The evaluation results demonstrate significant outperformance of PINNsFormer over all baselines for both scenarios. PINNsFormer achieves the lowest training loss and test errors, distinguishing PINNsFormer as the only approach capable of mitigating the failure modes. In contrast, all other baseline methods remain stuck at global minima and fail to optimize the objective loss effectively. These results show the clear advantages of PINNsFormer in terms of generalization ability and approximation accuracy when compared to conventional PINNs and existing variants.

An additional consideration when assessing PINNsFormer is its computational and memory overheads relative to PINNs. While MLP-based PINNs are known for their efficiency, PINNsFormer, with Transformer-based architecture in handling sequential data, naturally incurs higher computational and memory costs. Nonetheless, our empirical evaluation indicates that the overhead is tolerable, benefitting from the reliance on only linear hidden layers with non-linear activation functions, avoiding complicated operators such as convolutional or recurrent layers. For instance, when setting the pseudo-sequence length $k=5$ , we observe an approximate 2.92x rise in computational cost and a 2.15x rise in memory usage (as detailed in Appendix A). These overheads are deemed acceptable in exchange for the substantial performance improvements achieved by PINNsFormer.

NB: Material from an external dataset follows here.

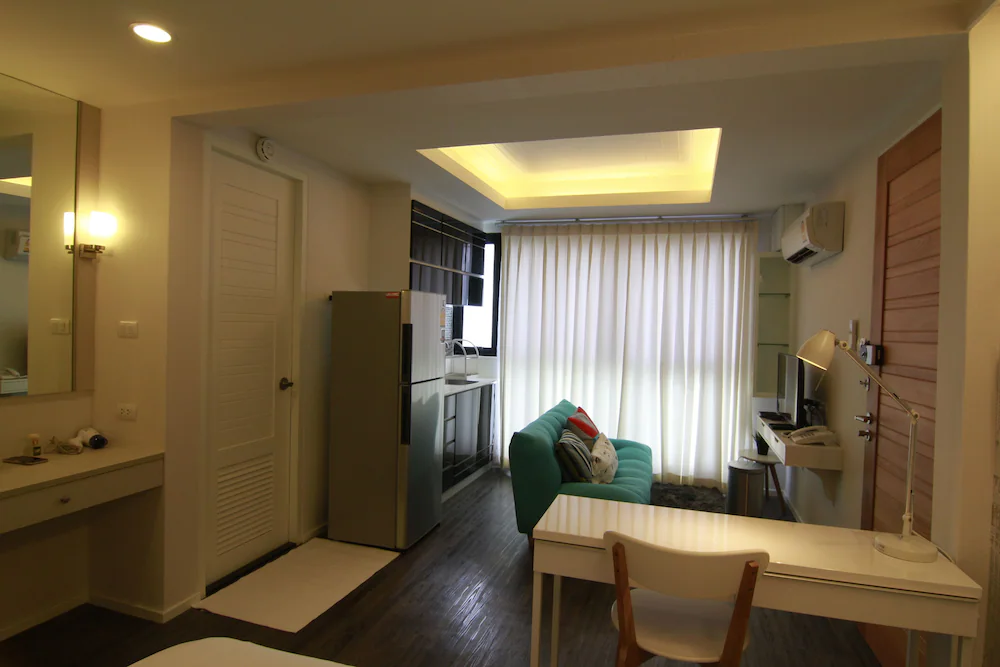 1 Bedroom Premier Double room with city view full double bed
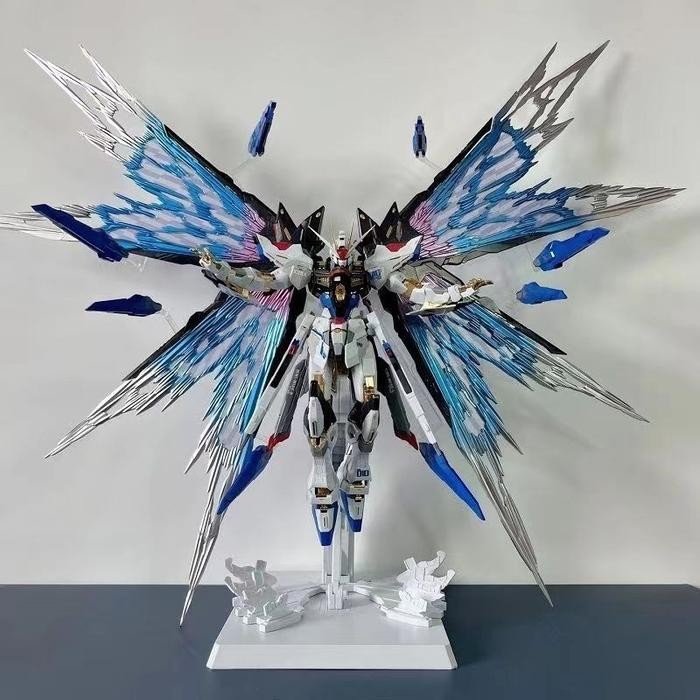 Baru Daban 8802 MG 1/100 Strike Freedom Plamo [+WOL & New Head New Molding]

While PINNs and their various architectural adaptations may encounter challenges for certain scenarios, prior research has explored sophisticated optimization schemes to mitigate these issues, including learning rate annealing (Wang et al., 2021), augmented Lagrangian methods (Lu et al., 2021), and neural tangent kernel approaches (Wang et al., 2022a). These modified PINNs have shown significant improvement of PINNs under certain scenarios. Notably, when these optimization strategies are applied to PINNsFormer, they can be easily incorporated to achieve further performance improvements. For instance, the Neural Tangent Kernel (NTK) method to PINNs has shown success in solving the 1D-wave equation. In such context, we demonstrate that when combining NTK with PINNsFormer, we can achieve further outperformance in approximation accuracy. Detailed results are presented in Table 2, and comprehensive PDE formulations are available in Appendix B, with prediction plots in Appendix C.

4.3 Flexibility in Incorporating Variant Learning Schemes

Model	1D-Wave
Model	Loss	rMAE	rRMSE
PINNs	1.93e-2	0.326	0.335
PINNsFormer	1.38e-2	0.270	0.283
PINNs + NTK	6.34e-3	0.140	0.149
PINNsFormer + NTK	4.21e-3	0.054	0.058

Table 2: Results for solving the 1D-wave equation, incorporating the NTK method. PINNsFormer combined with NTK outperforms all other methods on all metrics.

Our evaluation results show both the flexibility and effectiveness of incorporating PINNsFormer with the NTK method. In particular, we observe a sequence of performance improvements, from standard PINNs to PINNsFormer and from PINNs+NTK to PINNsFormer+NTK. Essentially, PINNsFormer explores a variant architecture of PINNs, while many learning schemes are designed from an optimization perspective and are agnostic to neural network architectures. This inherent flexibility allows for versatile combinations of PINNsFormer with various learning schemes, offering practical and customizable solutions for accurate solutions in real-world applications.

4.4 Generalization on High-Dimensional PDEs

In the previous sections, we demonstrated the clear benefits of PINNsFormer in generalizing the solutions for PINNs failure modes. However, those PDEs often have simple analytical solutions. In practical physics systems, higher-dimensional and more complex PDEs need to be solved. Therefore, it’s important to evaluate the generalization ability of PINNsFormer on such high-dimensional PDEs, especially when PINNsFormer is equipped with advanced mechanisms like self-attention.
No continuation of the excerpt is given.